Operate on the logarithms…

\[= \frac{1}{n}\sum_{p} (\ln{\alpha} + \ln{\frac{\hat{d_p}}{d_p}})^2 - \frac{1}{n^2} \left( \sum_{p} (\ln{\alpha} + \ln{\frac{\hat{d_p}}{d_p}}) \right)^2 \\\]

Rename ln \(\alpha\) (which is constant) as \(\beta\)…

\[= \frac{1}{n}\sum_{p} (\beta + \ln{\frac{\hat{d_p}}{d_p}})^2 - \frac{1}{n^2} \left( \sum_{p} (\beta + \ln{\frac{\hat{d_p}}{d_p}}) \right)^2 \\\]

Expand the first binomial expression and operate on the second summatory…

\[= \frac{1}{n}\sum_{p} (\beta^2 + \ln{\frac{\hat{d_p}}{d_p}}^2 + 2 \beta ln{\frac{\hat{d_p}}{d_p}}) - \frac{1}{n^2} \left( \beta n + \sum_{p} (\ln{\frac{\hat{d_p}}{d_p}}) \right)^2 \\\]

Operate on the first summatory and expand the binomial of the second term…

\[= \frac{1}{n} (\beta^2 n + \sum_{p}(\ln{\frac{\hat{d_p}}{d_p}})^2 + \sum_{p}(2 \beta ln{\frac{\hat{d_p}}{d_p}})) - \frac{1}{n^2} \left( \beta^2 n^2 + (\sum_{p} (\ln{\frac{\hat{d_p}}{d_p}}))^2 + 2 \beta n \sum_{p} (\ln{\frac{\hat{d_p}}{d_p}}) \right) \\\]
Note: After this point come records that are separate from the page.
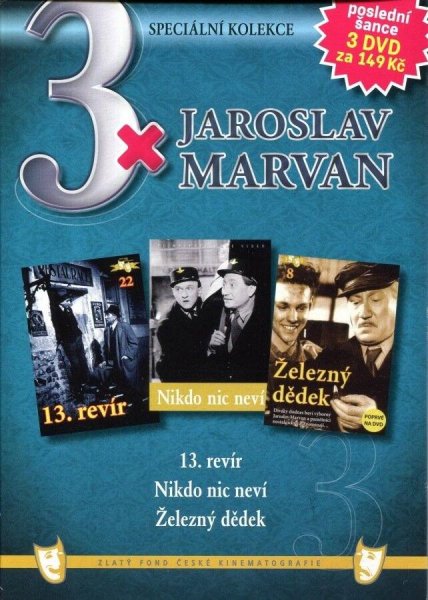 detail 3x Jaroslav Marvan: 13. revír + Nikdo nic neví + Železný dědek DVD pošetka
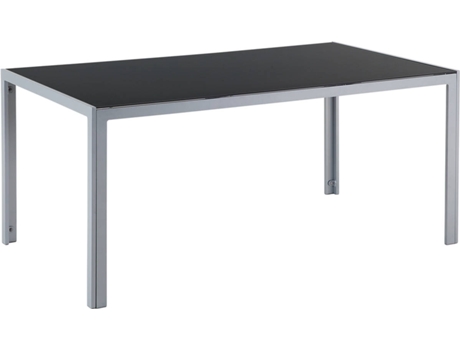 Mesa de jardín de metal negro/plateado 160 x 91 cm BELIANI Catania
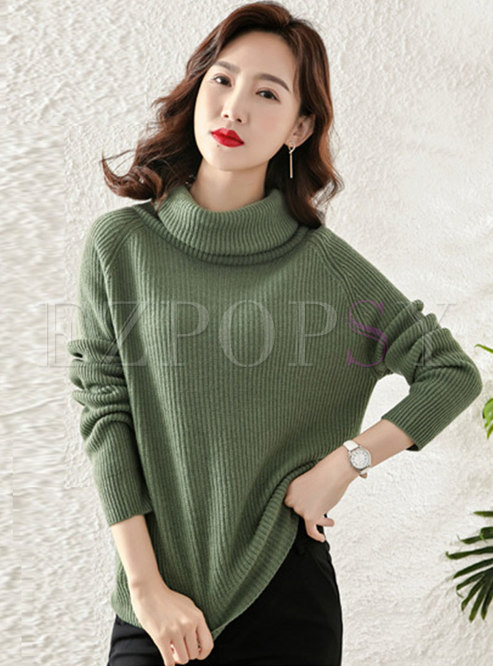 Turtleneck Pullover Ribbed Loose Wool Sweater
Operate with the number of pixels’ fractions…

\[= \beta^2 + \frac{\sum_{p}(\ln{\frac{\hat{d_p}}{d_p}})^2}{n} + \frac{\sum_{p}(2 \beta ln{\frac{\hat{d_p}}{d_p}})}{n} - \left( \beta^2 + \frac{(\sum_{p} (\ln{\frac{\hat{d_p}}{d_p}}))^2}{n^2} + \frac{2 \beta n \sum_{p} (\ln{\frac{\hat{d_p}}{d_p}})}{n^2} \right) \\\]

Reorder the terms for easier simplification…
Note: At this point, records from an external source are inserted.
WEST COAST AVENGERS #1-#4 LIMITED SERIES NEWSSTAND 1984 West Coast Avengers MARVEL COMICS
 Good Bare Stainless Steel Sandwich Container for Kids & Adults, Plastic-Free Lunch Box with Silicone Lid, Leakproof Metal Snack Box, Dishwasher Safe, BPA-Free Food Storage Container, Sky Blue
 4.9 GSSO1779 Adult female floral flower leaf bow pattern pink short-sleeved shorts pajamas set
\[= \beta^2 - \beta^2 + \frac{\sum_{p}(2 \beta ln{\frac{\hat{d_p}}{d_p}})}{n} - \frac{2 \beta \sum_{p} (\ln{\frac{\hat{d_p}}{d_p}})}{n} + \frac{\sum_{p}(\ln{\frac{\hat{d_p}}{d_p}})^2}{n} - \frac{(\sum_{p} (\ln{\frac{\hat{d_p}}{d_p}}))^2}{n^2} \\\]

Simplify the terms when possible…

\[= \frac{\sum_{p}(\ln{\frac{\hat{d_p}}{d_p}})^2}{n} - \frac{(\sum_{p} (\ln{\frac{\hat{d_p}}{d_p}}))^2}{n^2} \\\]

And finally, change the logarithms’ representation again to get the original expression (!).

\[= \frac{1}{n}\sum_{p} (\ln{\hat{d_p}} - \ln{d_p})^2 - \frac{1}{n^2} \left( \sum_{p} (\ln{\hat{d_p}} - \ln{d_p}) \right)^2 \\\]

That’s it! As I promised, a short post. Thank you for reading!